Comment a-t-on pu considérer la forêt comme un espace d’exploitation comme un autre ? « Tout le monde se plaint de ce qui se passe dans la forêt amazonienne. On entend les gens dire que c’est épouvantable ce qu’ils font là-bas… Et ici ? La forêt boréale, ce n’est pas mieux. Qu’est-ce qu’on fait avec notre forêt ? Mais on ne veut surtout pas entendre ça ! »

Une notoriété

 

Connu d’abord du grand public par le truchement de la télévision, Michel Jean s’étonne encore de ses succès récents comme romancier. « J’écris depuis des années. Et je continue d’écrire comme avant. Mais soudain, l’actualité m’a rattrapé.
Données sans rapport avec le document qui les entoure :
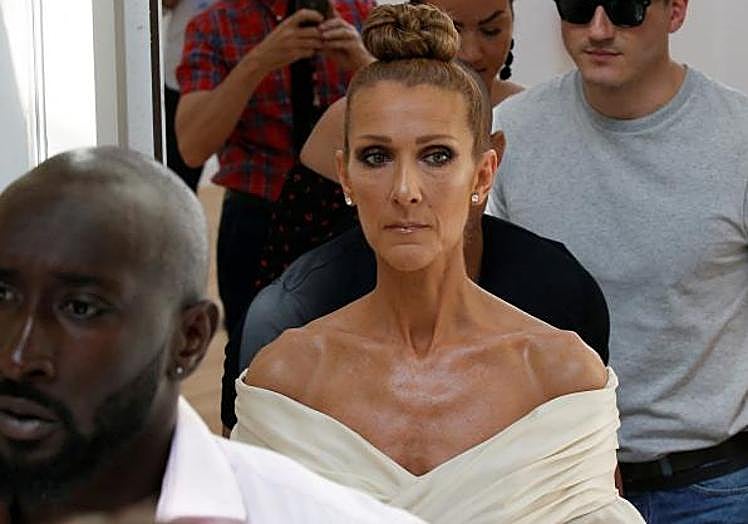 Celine Dion.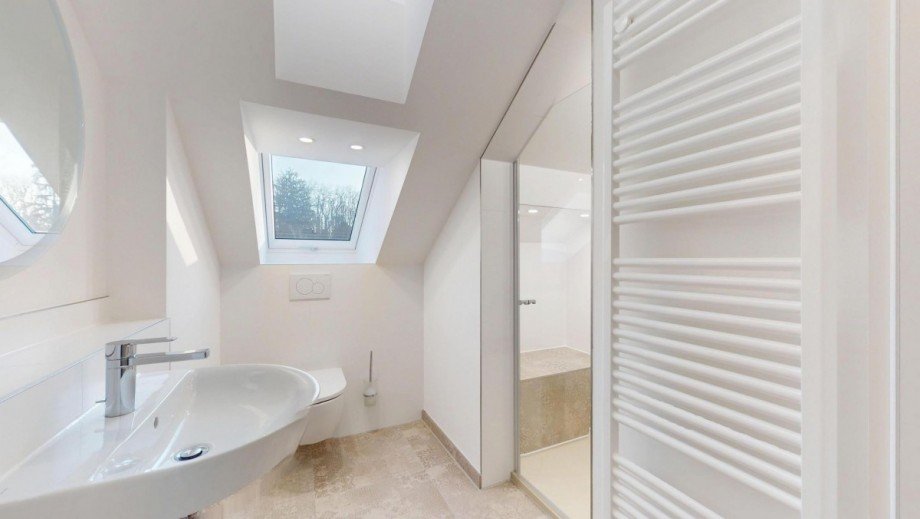 DG Whg. 2 - Badezimmer Zweifamilienhaus Potsdam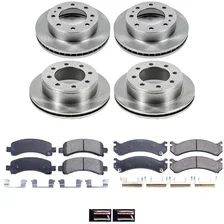 Front and Rear AUTOSPECIALTY BRAKE KIT image 2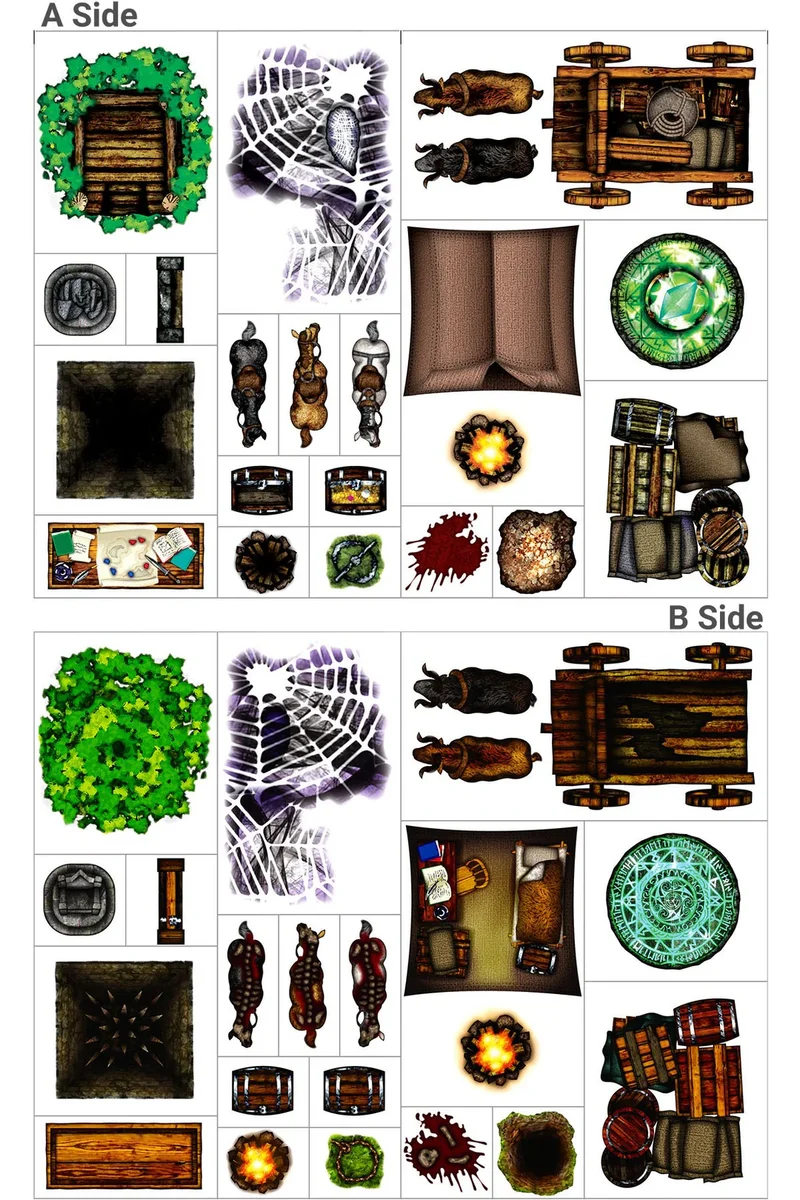 Lost Mines – Hardbound Support 1.5 (5E Starter Set)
Il s’est passé quelque chose, sans que j’y sois pour rien ! »

Malgré les tournées de promotion à l’étranger et les demandes qui se sont multipliées en raison de cette notoriété nouvelle, il s’efforce de continuer d’écrire chaque matin, au moins quelques heures. Cependant, la paix de l’écriture lui apparaît plus difficile à trouver. Il envisage désormais de partir en France au moins un moment chaque année afin de retrouver des conditions qui lui sont plus favorables.

Kukum, son roman à succès, s’est vendu à des dizaines de milliers d’exemplaires. Le livre est désormais traduit dans plusieurs langues. Ce succès a suscité un intérêt renouvelé pour les autres livres de l’écrivain. Il doit faire une nouvelle tournée de promotion en Allemagne à l’automne. Une adaptation de Kukum est prévue pour le petit écran. « Je n’ai pas voulu m’occuper du scénario de la série. Je vais garder un oeil sur ce qu’on en fait, bien sûr. Mais le peu de temps dont je dispose, je veux l’utiliser pour continuer d’écrire mes livres », explique-t-il en entrevue, après que nous avons parlé, sans nous presser, d’une vieille passion commune : le vélo.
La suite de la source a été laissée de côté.